Python Implementation with Requests

import requests
import json
import time
from datetime import datetime, timedelta
import jwt

class TokenManager:
    def __init__(self, auth_url, client_id, client_secret):
        self.auth_url = auth_url
        self.client_id = client_id
        self.client_secret = client_secret
        self.access_token = None
        self.refresh_token = None
        self.token_expires_at = None

    def authenticate(self, username, password):
        """Initial authentication to get tokens"""
        auth_data = {
            'grant_type': 'password',
            'username': username,
            'password': password,
            'client_id': self.client_id,
            'client_secret': self.client_secret
        }

        response = requests.post(self.auth_url, data=auth_data)
        response.raise_for_status()

        token_data = response.json()
        self.access_token = token_data['access_token']
        self.refresh_token = token_data.get('refresh_token')

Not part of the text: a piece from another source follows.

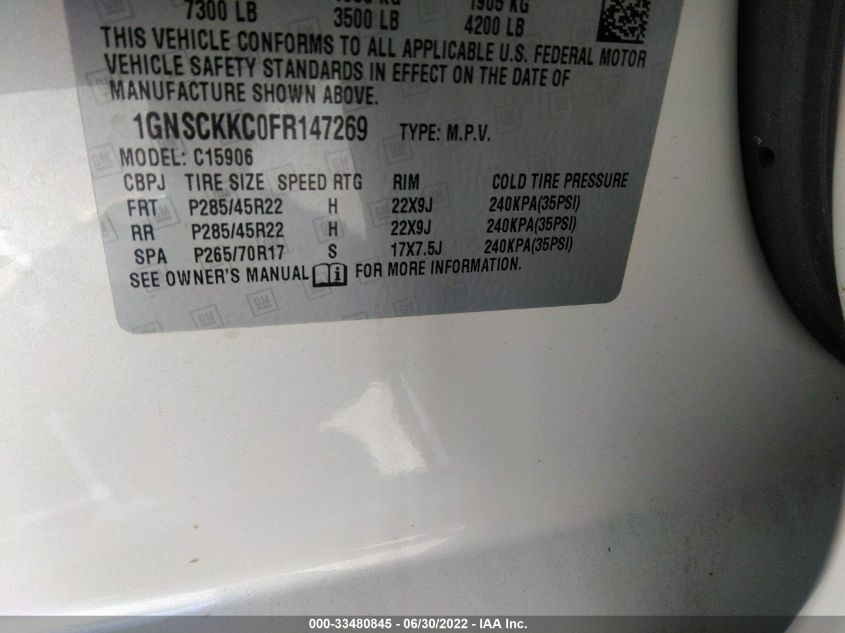 2015 CHEVROLET SUBURBAN LTZ 1GNSCKKC0FR147269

        # Calculate expiration time
        expires_in = token_data.get('expires_in', 3600)
        self.token_expires_at = datetime.now() + timedelta(seconds=expires_in - 60)

        return self.access_token

    def is_token_expired(self):
        """Check if current token is expired or about to expire"""
        if not self.token_expires_at:
            return True
        return datetime.now() >= self.token_expires_at

    def refresh_access_token(self):
        """Refresh the access token using refresh token"""
        if not self.refresh_token:
            raise Exception("No refresh token available")

        refresh_data = {
            'grant_type': 'refresh_token',
            'refresh_token': self.refresh_token,
            'client_id': self.client_id,
            'client_secret': self.client_secret
        }

        response = requests.post(self.auth_url, data=refresh_data)
        response.raise_for_status()

        token_data = response.json()
        self.access_token = token_data['access_token']

        # Update refresh token if provided
        if 'refresh_token' in token_data:
            self.refresh_token = token_data['refresh_token']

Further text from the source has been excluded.